Zgodnie z zapowiedzią przenosimy
się na tył kadłuba. Szkielet jest tutaj wyjątkowo rozbudowany, rzadko się takie
coś widuje. Początkowo myślałem, że to dobrze, ale szybko okazało się, że
będzie mi to znacznie przeszkadzało w oklejaniu poszyciem.
Na początku musiałem usunąć kawałek kartonu z podłużnicy, tak abym mógł wsunąć szkielet części ogonowej od tyłu w poszycie doklejone uprzednio do reszty kadłuba.
Na początku musiałem usunąć kawałek kartonu z podłużnicy, tak abym mógł wsunąć szkielet części ogonowej od tyłu w poszycie doklejone uprzednio do reszty kadłuba.

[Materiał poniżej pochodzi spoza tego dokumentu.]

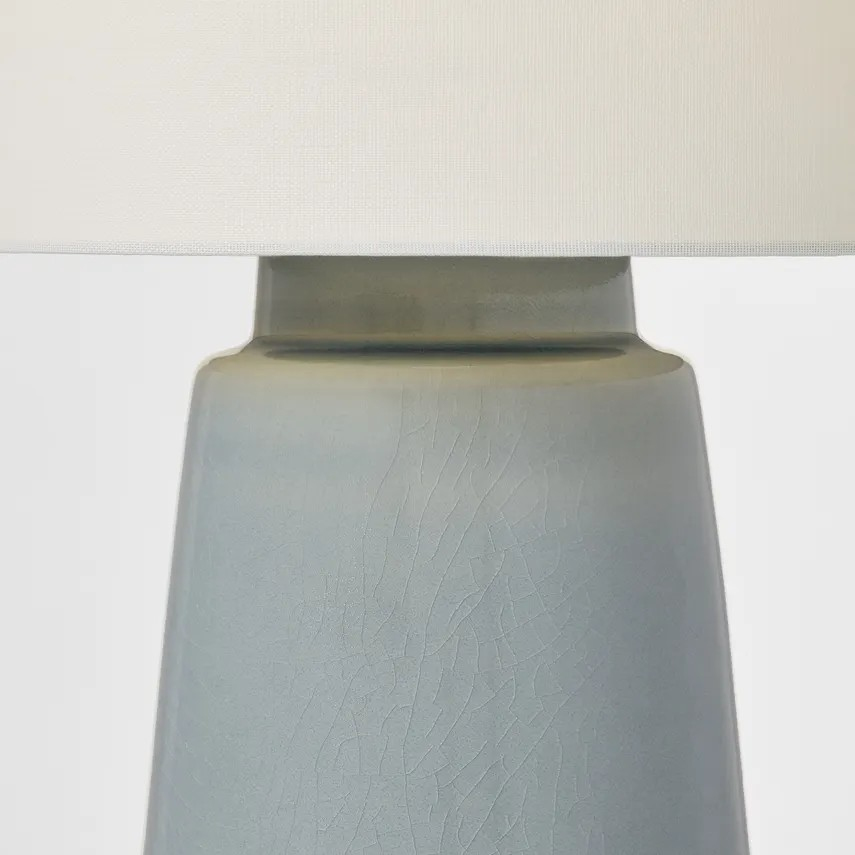 Настольная лампа Vessel  Generation Lighting | Studio Collection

Przedłużenie kadłuba* - prosty
pasek kartonu o szerokości około 1,5 cm,
który sprawił mi sporo problemów. Nie mogłem go nasunąć sklejonego na szkielet
bo jego średnica jest za wąska. Musiałem oklejać na szkielecie, jakoś się udało, ale sporo wymęczyłem karton
w tym miejscu.
Następnie dokleiłem ostatni fragment poszycia wraz z wnęką kółka ogonowego wewnątrz oraz poszycie statecznika pionowego.
Kolejnym trudnym etapem budowy było doklejenie trzech małych pasków poszycia stanowiących przejście z kadłuba do statecznika pionowego. Sprawiły mi one trochę problemów i nie wyszło mi to najlepiej. Z drugiej strony tragedii też nie ma.
Na deser zostawiłem sobie
elementy ruchome usterzenia. Stery wysokości wyszły tak sobie, za to ster
kierunku podoba mi się bardzo. Światełko pozycyjne na końcu to kulka wikolu.
Stery zostały przymocowane do stateczników szpilkami, które wcześniej w nich
osadziłem. Dzięki temu nie odpadną
podczas transportu i oglądania modelu.
To wszystko na dzisiaj. Kadłub
idzie teraz w odstawkę, a ja zabieram się za skrzydła.